Hacker News new | ask | show | jobs
by otabdeveloper4 1836 days ago
A Docker image is really just a .tar.gz under the hood, with a little bit of metadata.

A Docker image is really just a chroot + some cgroups resource limits.

1 comments

> A Docker image is really just a chroot + some cgroups resource limits.

No, because an image specifies nothing about the runtime. Just add a Kernel and bootloader and one can boot most images. Further most container runtimes include a lot more than chroot and resource limits. Namespace isolation (process, user, network), seccomp rules, SELinux contexts, etc.

> Just add a Kernel and bootloader and one can boot most images.

Certainly not true of any of the images I work with.

What sort of images are you working with? I can fairly straightforwardly boot debian:stable with no modifications to the image using direct kernel boot. Is everything perfect? No, but it does boot.
None of my images bundle a Linux distribution.
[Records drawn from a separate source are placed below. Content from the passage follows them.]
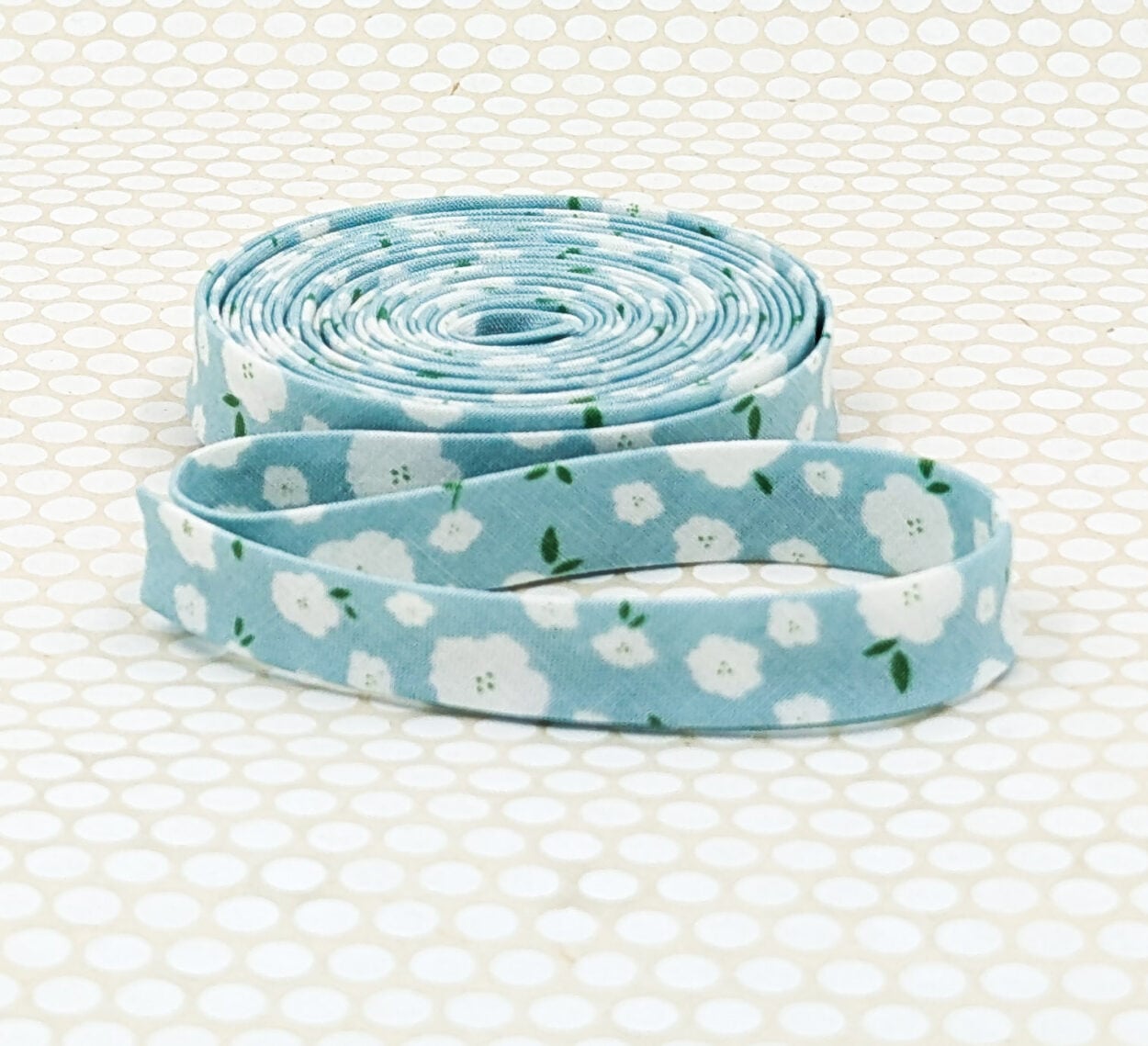 Double Fold 1/2” Bias Tape Posies Light Blue White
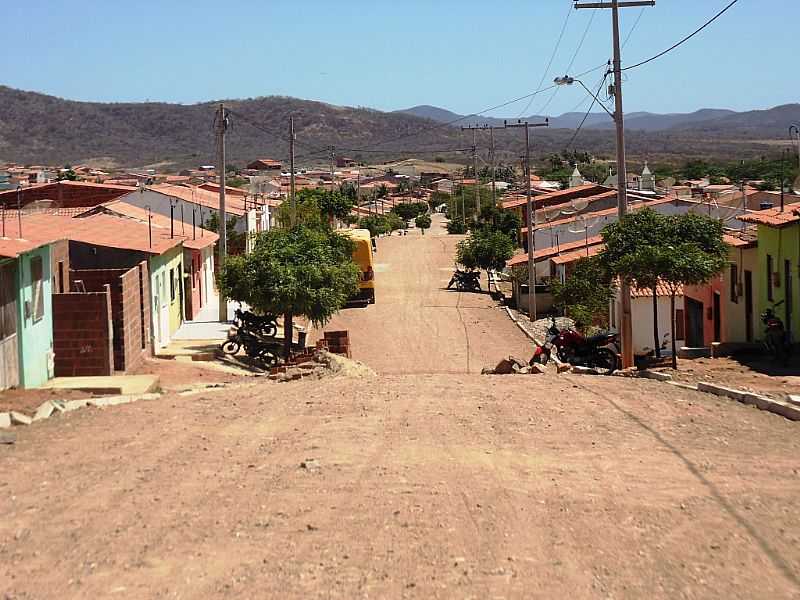 QUITERIANPOLIS-CE-RUA PRINCIPAL E VISTA DA CIDADE E REGIO-FOTO:CCERO LACERDA - QUITERIANPOLIS - CE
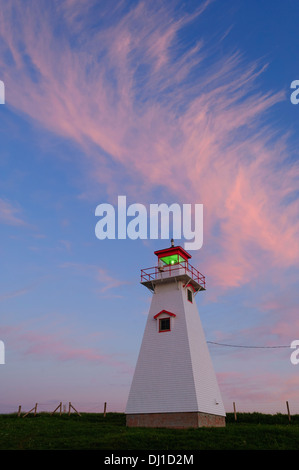 Phare du cap Tryon au crépuscule ; Prince Edward Island, Canada. Banque D'Images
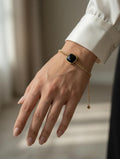 Elegant Gold Chain Bracelet with Black Stone – Minimalist Adjustable Women’s Jewelry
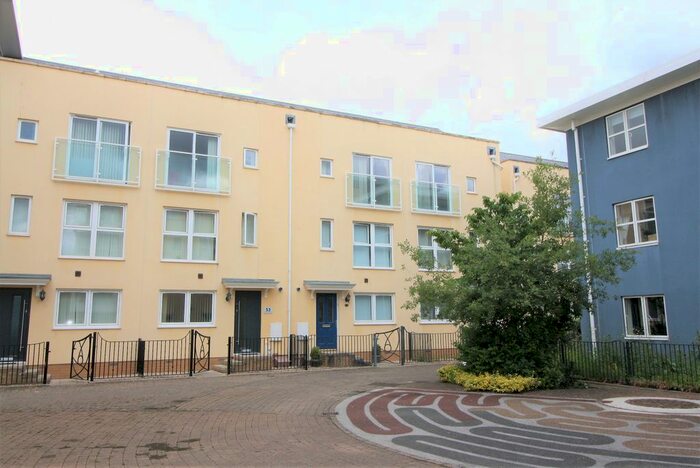 5 Bedroom Terraced House To Rent In Richmond Court, Exeter, EX4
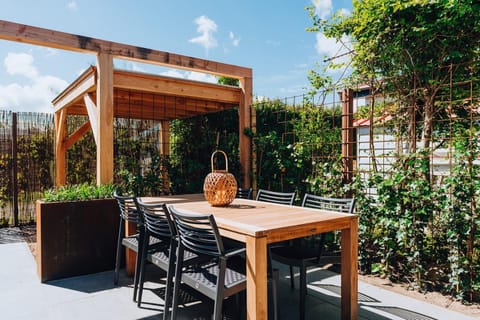Patio, Balcony/Terrace, Dining area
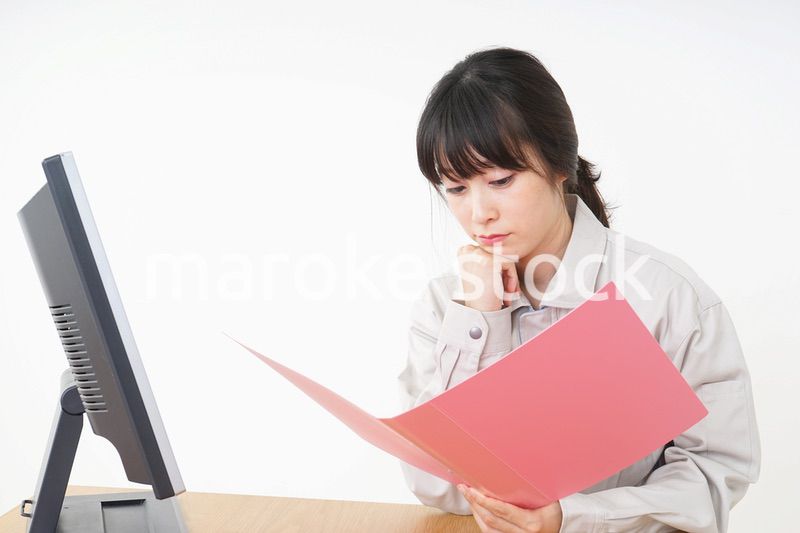 仕事をする作業服姿の女性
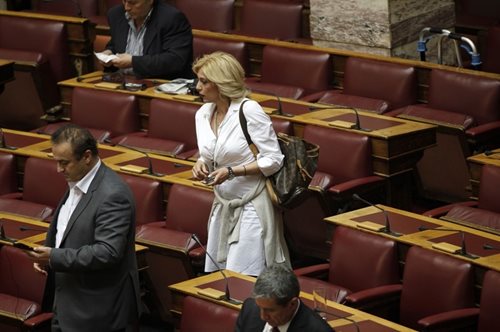 Τα αξεσουάρ, οι τσάντες και το στυλ της Άννας Καραμανλή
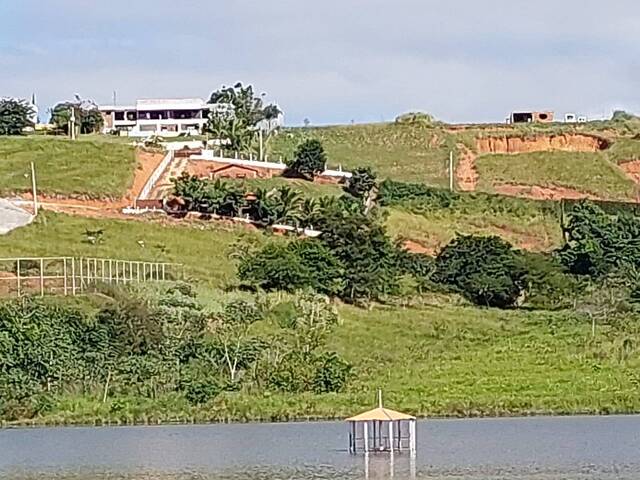 LAGOA CONDOMÍNIO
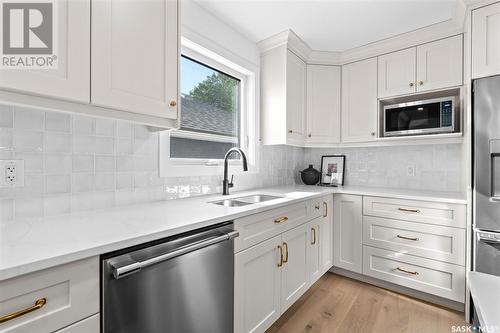 1132 Osler Street, Saskatoon, SK - Indoor Photo Showing Kitchen With Stainless Steel Kitchen With Double Sink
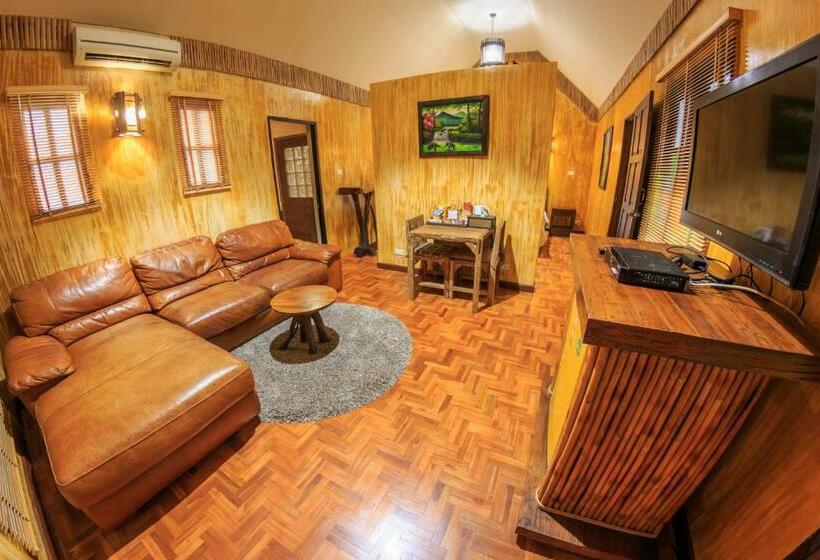 Семейное Бунгало, Baanpong Lodge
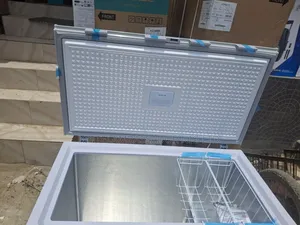 Lg Single Door Chest Freezer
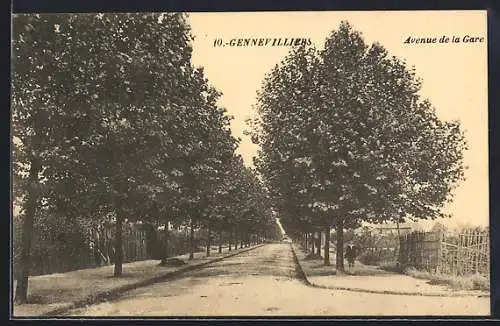 AK Gennevilliers, Avenue de la Gare bordée d`arbres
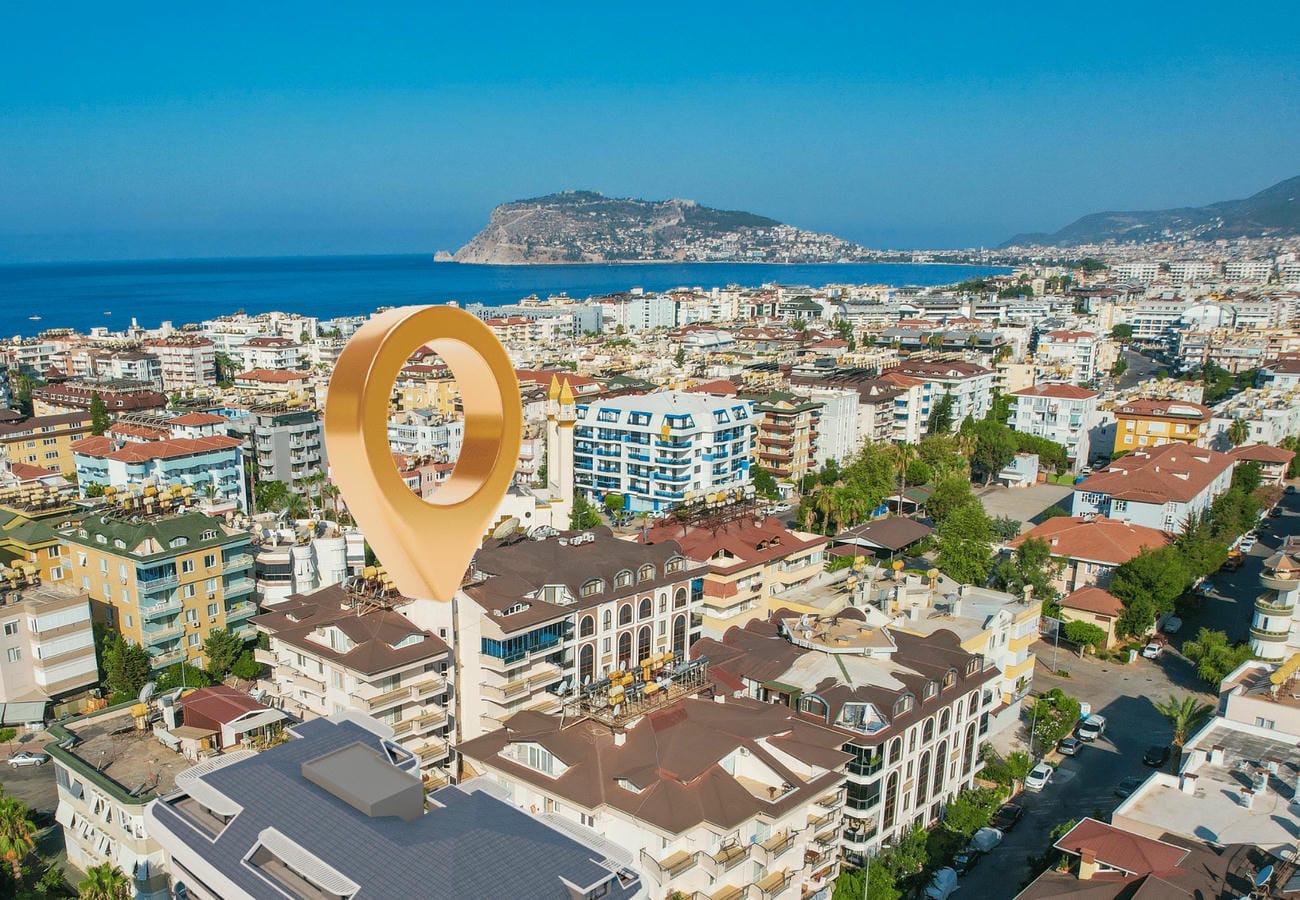Şehir dokusu ve deniz kıyısı görünen drone manzarasında Oba’daki satılık penthouse Türkiye’de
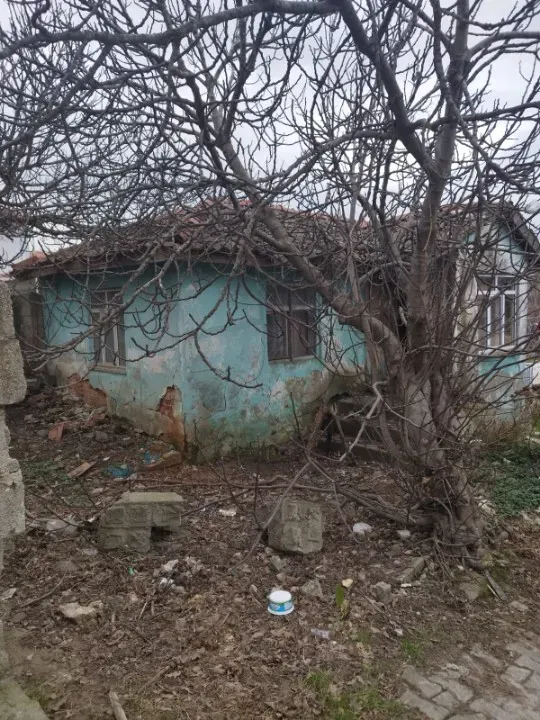 Çatalca Kalfa MH. müstakil tapulu gecekondu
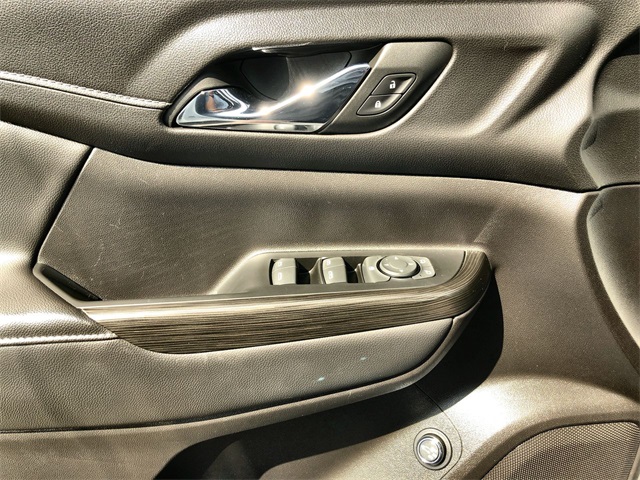 2023 Gmc Acadia SLT photo 4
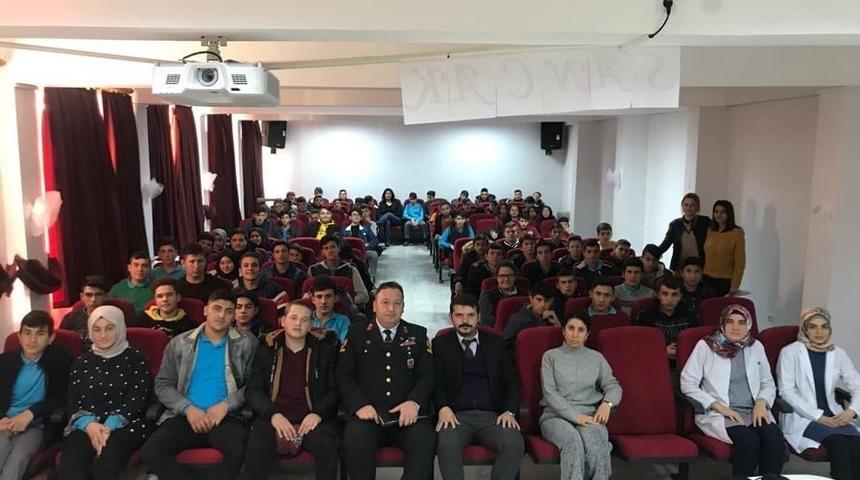Lise &ouml;ğrencilerine Jandarma anlatıldı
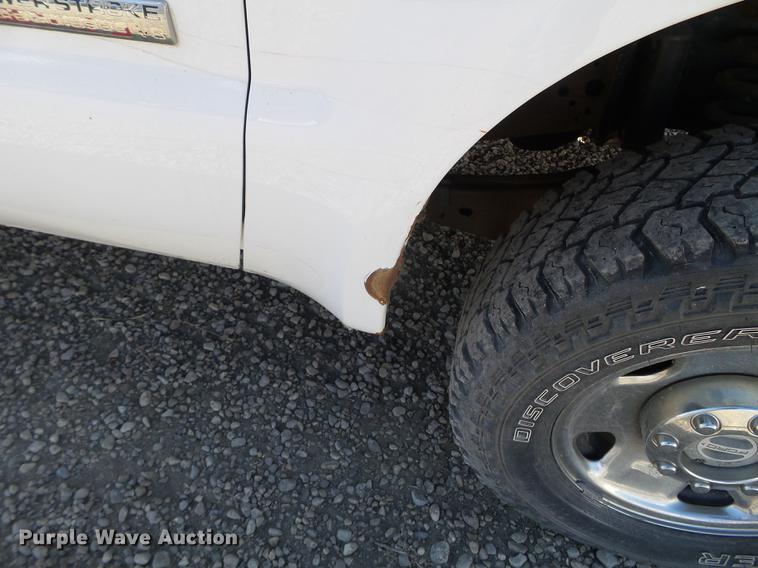 image for item DX9540 2007 Ford F250 Super Duty SuperCab pickup truck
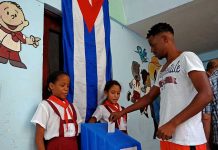 Cuba empieza sus elecciones de Asambleas Municipales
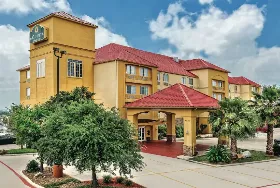 Photograph of LQ Inn & Suites San Antonio North Stone Oak, San Antonio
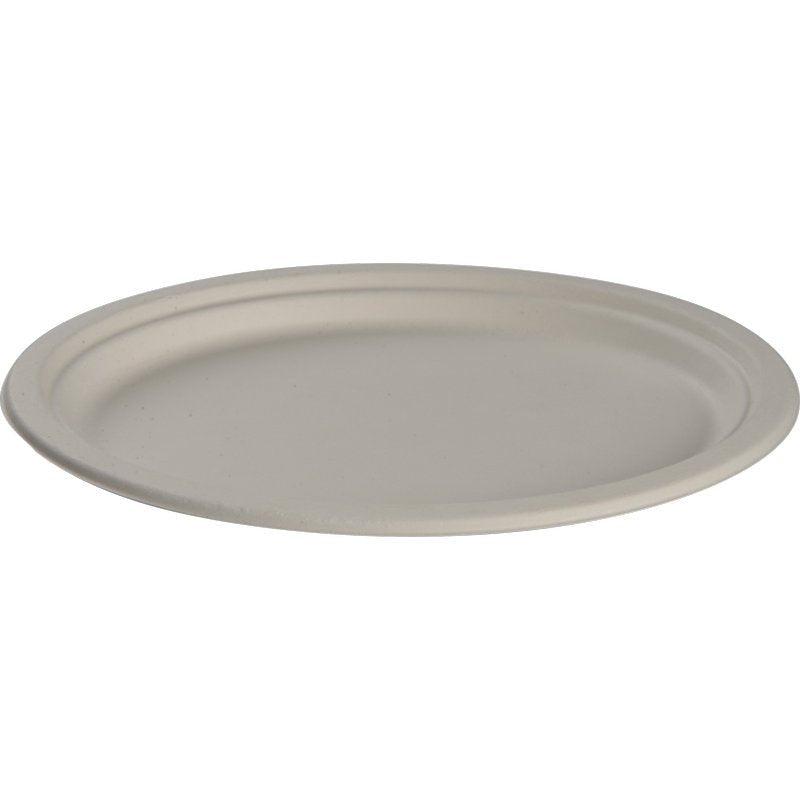 Egy ovális, fehér bagasse tányér (20 x 26 cm) az Abena Re-Seller GmbH-tól, fehér háttér előtt fényképezve. Ez a környezetbarát tányér 50 darabos csomagban érkezik, és ideális környezettudatos rendezvényekhez.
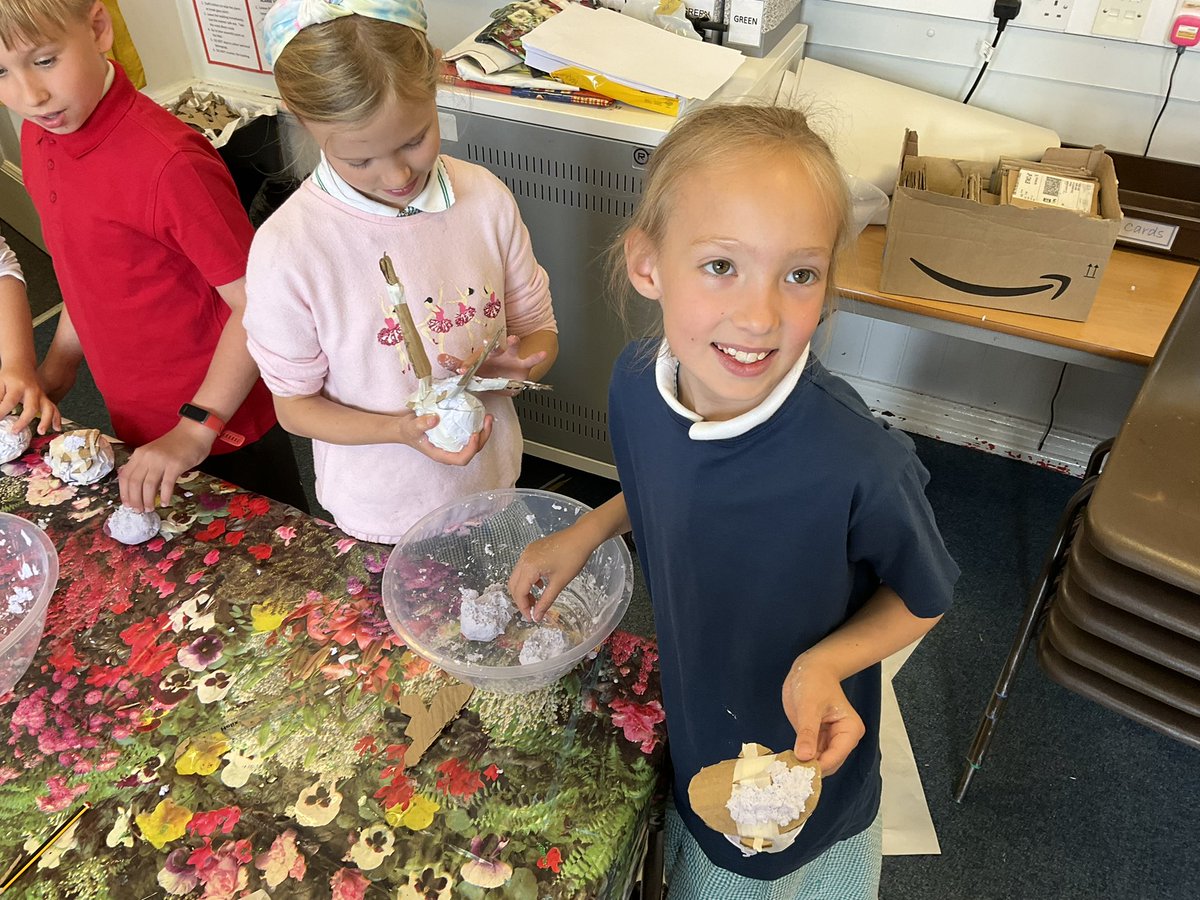 cwp_ogwen's tweet photo. We had a fantastic day with @nonaffart today, creating paper clay models @cwprimary https://t.co/Lrkzpd6fAy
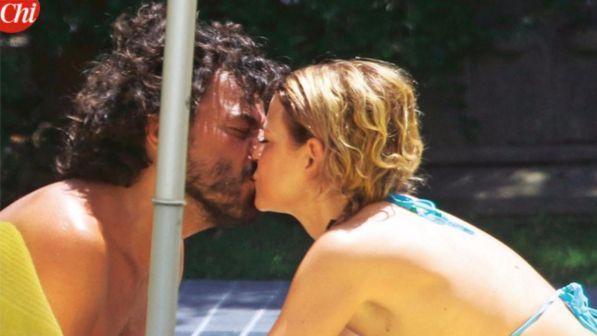 Francesco Renga e Diana Poloni, baci in piscina. Le foto di Chi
(Indeed, most don't even bundle bash or coreutils.)

Sure, but that still doesn’t necessarily mean it won’t work. I can successfully direct kernel boot a VM where the entire filesystem is just a single statically-linked binary and it boots and runs it (just set init= or put the binary at /sbin/init). Some programs might need /proc /sys /tmp, etc., and if they do a bit more work needs to be done of course, but not all do.